Дело в том, что маньяки у Джеймса Паттерсона почему-то сами слетаются к Кроссу, словно пчелы на мед. Кроме того, сюжеты всех десяти романов о Кроссе построены так, что ближайшими пособниками злодеев оказываются люди, работающие с Алексом рука об руку.
Будь герой чуть потолковее, он мог бы, конечно, начиная уже со второго романа, не метаться бестолково по всему миру, а сразу заковывать в наручники и допрашивать с пристрастием того, кто рядом. Но добрый доктор К., само собой, отправляется за семь верст киселя хлебать и возвращается к своему ближнему страниц через триста, ближе к развязке – когда число трупов зашкаливает и все прогрессивное человечество взывает к Кроссу: «Помоги!».
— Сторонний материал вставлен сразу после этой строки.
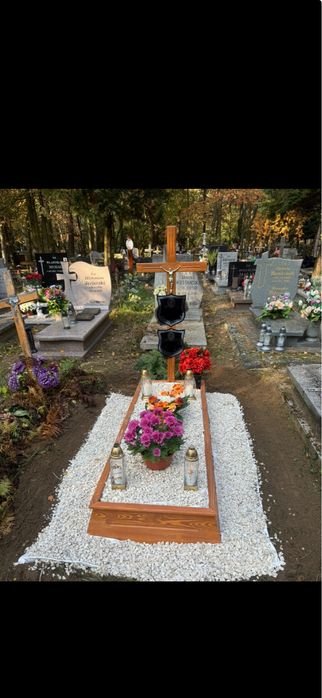 Obudowy grobu, krzyże drewniane, tabliczki, nagrobki
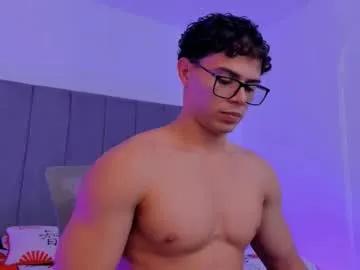 maxiimus__ — #cum #latino #muscle #bigass #bigdick BIG CUM [1500 tokens remaining]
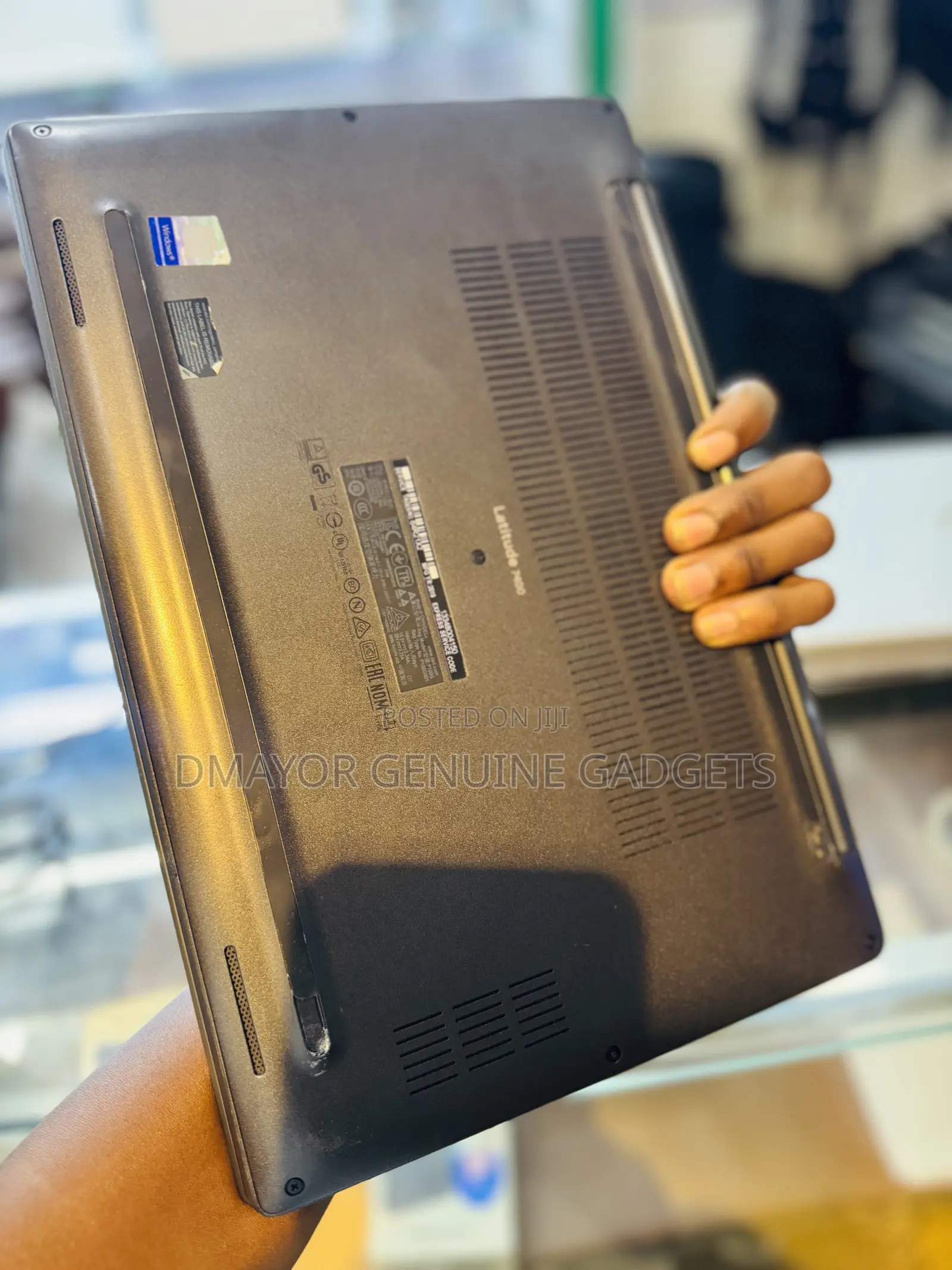 Laptop Dell Latitude 7400 8GB Intel Core i5 SSD 256GB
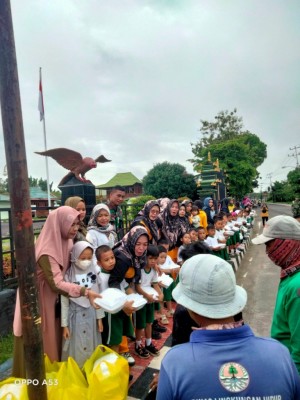 Keseruan TK Kartika Kodim 0402/OKI Melakukan…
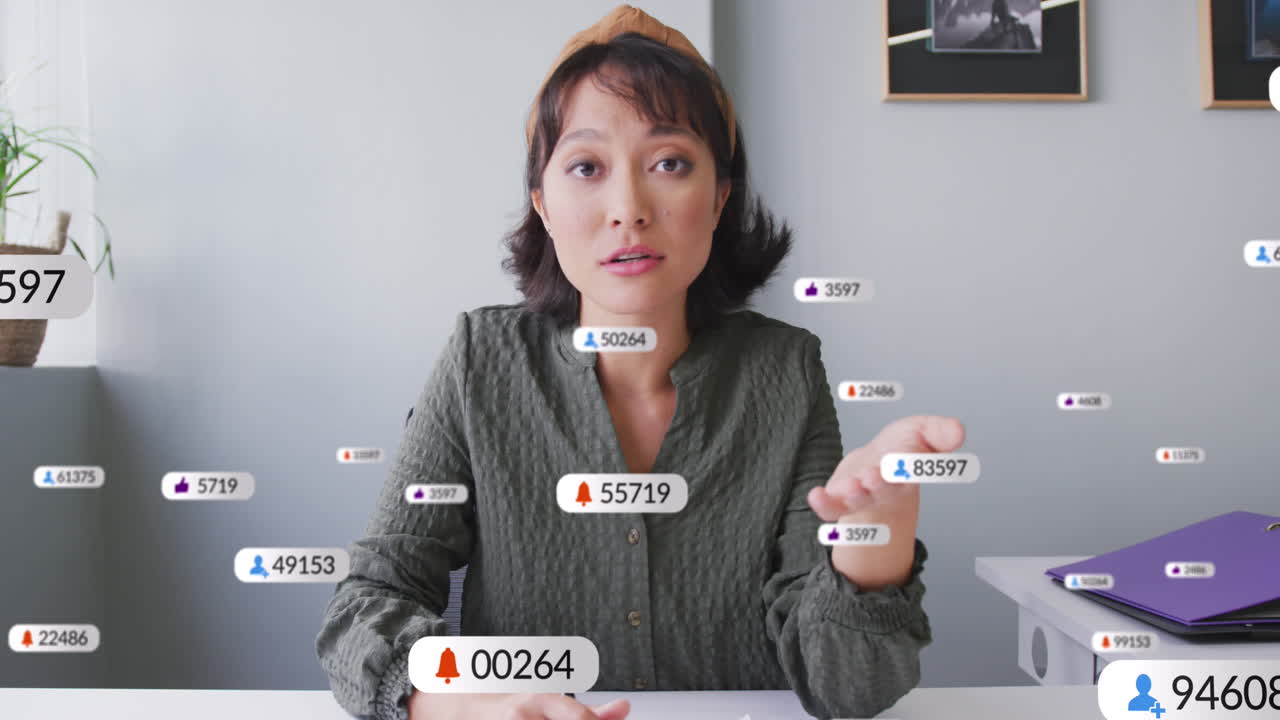 animación de iconos de redes sociales y procesamiento de datos sobre una mujer de negocios asiática en la oficina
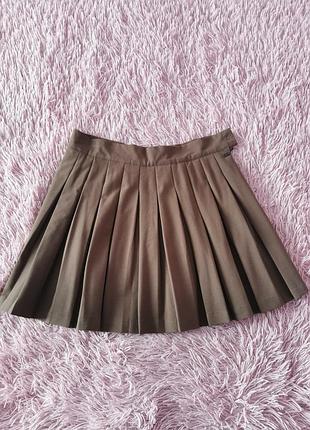 Юбка плиссе бренда pull &amp; bear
Помощь Кросса нередко сомнительна. Но при этом он ухитряется не потерять репутацию даже в случаях позорнейшего фиаско. Например, в третьей книге о Кроссе, «Джек и Джилл» (Jack and Jill), сыщик расследует деятельность серийного детоубийцы и одновременно пытается вычислить заговорщиков (один из них, само собой, маньяк), которые готовят покушение на президента США.
Охотника за детьми в книге ловят так мучительно долго, что паршивец к финалу успевает заметно проредить юное население США. Но если вы понадеялись, что в финале хотя бы американский президент будет спасен, то нет же! Его таки убьют, а Алекс разведет руками: мол, извиняйте, граждане, накладочка вышла, не доглядел.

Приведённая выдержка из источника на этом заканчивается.